In the previous article of this series, we discussed about current liabilities and working capital. In this article, we shall conclude our discussion about the components that make up a balance sheet by taking up the topic of 'investments' and the different types of investments found in companies' balance sheets.
As defined in Accounting Standard 13 (AS-13) - "Investments are assets held by an enterprise for earning income by way of dividends, interest, and rentals, for capital appreciation, or for other benefits to the investing enterprise. Assets held as stock-in-trade are not 'investments'."
Some of the investments found in companies' balance sheets include stocks, bonds, mutual funds and investments made towards their subsidiaries or associate companies.
Broadly investments can be categorised into four categories. They are as follows:
- Current and long-term investments
- Quoted and unquoted investments
Current and long-term investments:
On a broader basis, investments are classified as long-term and short terms investments. Current investments are investments that are not intended to be held on for more than a year from the date of purchase. An example of the same would be an investment in a liquid fund. On the other hand, AS-13 states that an investment other than a current investment is termed as a long term investment.
In the financial statements, current investments are valued at the lower of cost and fair value. However, in the case of long term assets, it should be valued at cost. However, it is mandatory for companies to make a provision for diminution in value if there is a decline in the value of the investment. AS-13 has defined fair value as - "Fair value is the amount for which an asset could be exchanged between a knowledgeable, willing buyer and a knowledgeable, willing seller in an arm's length transaction. Under appropriate circumstances, market value or net realisable value provides an evidence of fair value." Apart from the actual cost of the asset, the cost of an investment also includes acquisition charges such as brokerage, fees and duties.
Further, as values of investments fluctuate from time to time, companies need account for the same in their books (profit and loss account). It is mandatory for companies to report the aggregate amount of quoted and unquoted investments. They should also give the aggregate market value of quoted investments as on the date of reporting.
You may also notice investments termed 'investment property' annual reports of in some companies. This is nothing but an investment in land or buildings which are not intended to be used or occupied by the investee. Such an investment is considered as a long term investment.
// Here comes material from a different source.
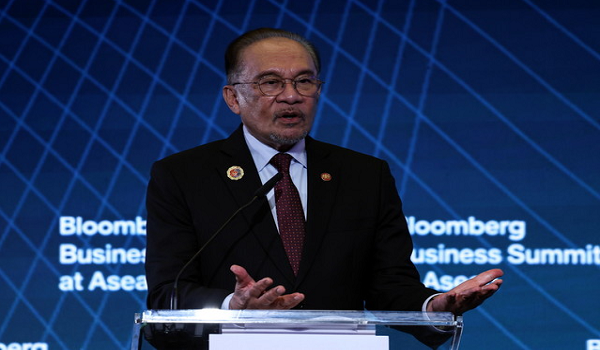 Perdana Menteri, Datuk Seri Anwar Ibrahim ketika berucap pada Majlis Makan Malam Pembukaan Sidang Kemuncak Perniagaan Bloomberg, yang diadakan di luar Sidang Kemuncak ASEAN ke-47 di Kuala Lumpur, malam tadi/ BERNAMA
Quoted and unquoted investments:
Quoted investments are investments whose value is easily assessable. Investment in the stock of companies which are listed on stock exchanges would be the best example of quoted investments. This is because market prices give these instruments a readily assessable value. Investment in mutual funds would also classify as a quoted investment. On the other hand, un-quoted investments are investments which do not have a readily available price. Many a times you will find that companies have invested in stocks that are not listed on any stock exchange. For such kind of investments, other means are used to determine fair value.
It may be noted that some companies also report investments as trade and non-trade investments. Also, an investor may get confused as to why certain investments are shown in a company's standalone statement, but are missing from its consolidated balance sheet. The answer lies in the fact that a company's consolidated numbers include those of its subsidiaries and associate companies, the latter companies do not appear separately as investments in the balance sheet.